For my first blog post, I thought I'd address a pet peeve of mine. As anyone who knows me will be fully aware of, I have a passion (and some would say obsession) with dinosaurs. As a 23-year-old (at time of writing) some might think I would have grown out of such a childish pursuit and developed an interest in more "mature" hobbies like cars, sports, or girls. And whilst an interest in one of those three has materialised, dinosaurs will always be with me. But enough about me, let's start talking about about those "terrible lizards"! (or "fearfully great" - more on the etymology at a later date)

 Nothing gets on my nerves more than someone labelling any and all prehistoric reptiles (and sometimes amphibians and even fish) as dinosaurs. There is a certain geological and map shop (or was - it's now closed down) that I pass quite regularly, that for a long time had a sign in the window that read: "For Sale: Dinosaur Teeth (Mosasaur) 100 Million Years Old". Now, average Joe Bloggs reading this is probably thinking: "What's so wrong with that?". The problem is, mosasaurs were NOT dinosaurs. And this blog post is going to attempt to show that by demonstrating what is a dinosaur and why.

 Before I get to the crux of this discussion, I feel obliged to give you a crash-course in cladistics. Cladistics is the science of classification that groups organisms together based on the degree of "relatedness" (this is slightly different to taxonomy - more on that some other time). Anyway, there are three ways to define a clade (group). Node-based, stem-based and apomorphy-based.



Node-based definitions are along the lines of : A + B, their most recent common ancestor and all of its descendants.
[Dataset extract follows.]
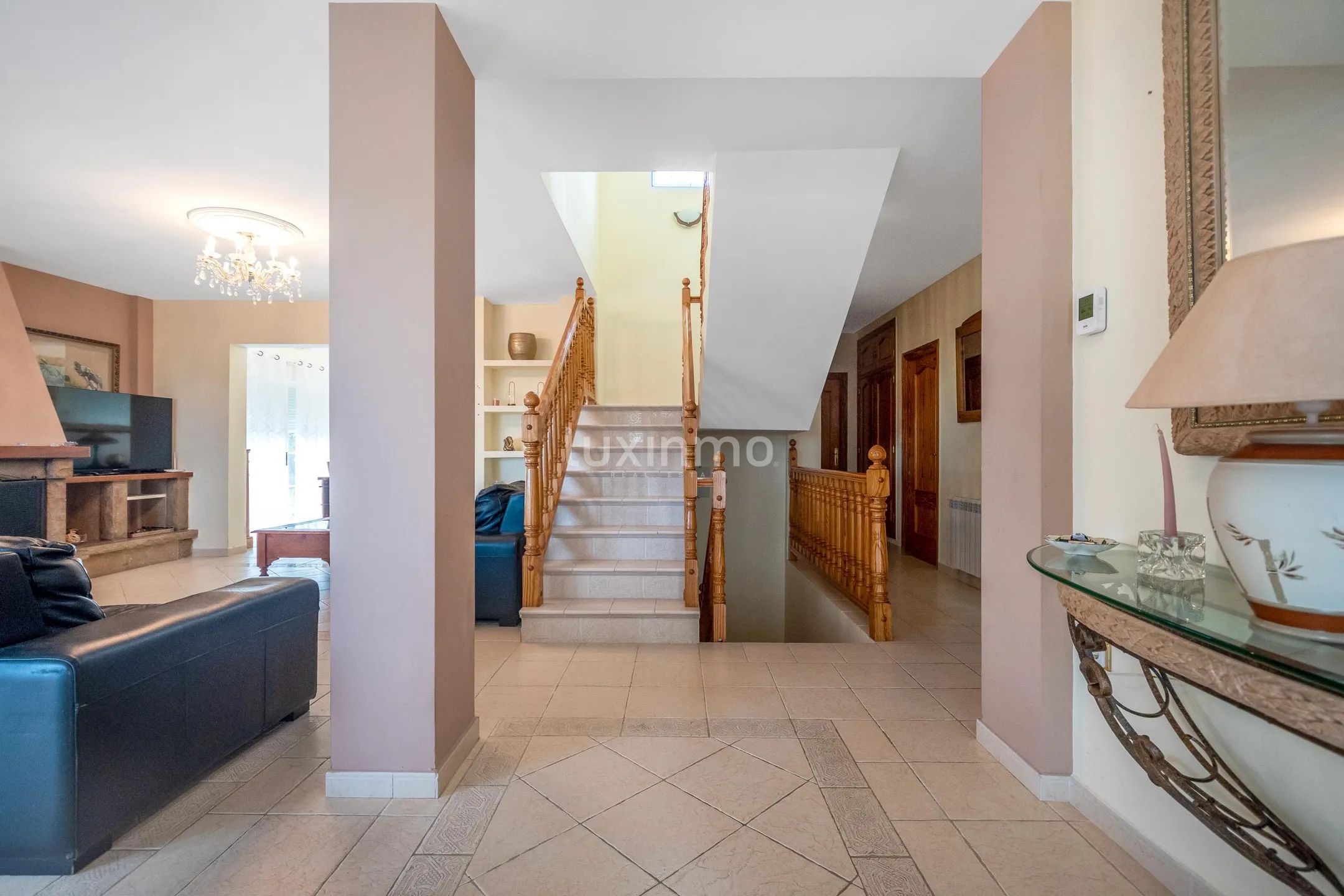 Piękna willa do wynajęcia w Polop — photo 8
For example Dinosauria can be defined as "Passer (sparrow) + Triceratops, their most recent common ancestor and all of its descendants". So basically, a dinosaur is any organism that branched off the line leading to Triceratops after the branch that ultimately leads to Passer. Naturally, node-based definitions are less reliable because it relies on being quite confident about which groups are the most "primitive" and which are the most "advanced".
 Stem-based definitions are similar, but more easy to understand. They are in the form of: Everything closer to A + B than to Z, to use these diagrams. So, for instance, a stem-based definition of Dinosaur would be: all Dinosauriformes (the next rank up from dinosaur) closer to Tyrannosaurus and Triceratops than to Lagerpeton (a potential dinosaur ancestor, however, this definition dates from 2004 and since then other, more dinosaur-like animals have been discovered like Silesaurus - add this to the long list of topics to cover in the future).
 Finally, apomorphy-based definitions are the ones that are most easily understood by the layperson, but don't always reflect true, natural groups. Apomorphies are characteristics that are unique to a particular group (or rather a unique combination of features). It is this definition that I wish to further explore here.
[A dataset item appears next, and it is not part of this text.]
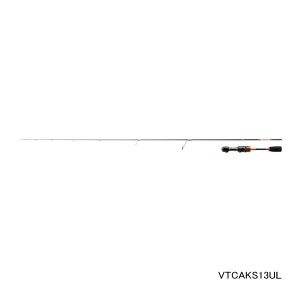 画像: ≪'22年5月新商品！≫ PROX タイニーキャスト エアーK VTCAKS13UL 〔仕舞寸法 113cm〕 【保証書付き】 [5月発売予定/ご予約受付中]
 OK, now that that's out of the way we can get to the fun stuff! First of all, there is no simple way of identifying a dinosaur. However, a few generalisations can be made. Firstly, they could not fly (sort of - the origin of flight in the whole dinosaur-into-bird thing hasn't been pinned down yet, but it seems likely that true flight evolved with the birds). This means that the pterosaurs (not pterodactlys - more on that some other time) are not dinosaurs. And yes, technically speaking, birds are dinosaurs, but just for the sake of convenience, I'm only going to be discussing traditional, non-avian dinosaurs. Secondly, dinosaurs were not fully aquatic (some evidence suggests that duck-billed dinosaurs were partly aquatic and it is presumed dinosaurs could swim). Therefore, plesiosaurs and ichthyosaurs were not dinosaurs either (and the next time I hear someone call the Loch Ness monster a dinosaur I will scream).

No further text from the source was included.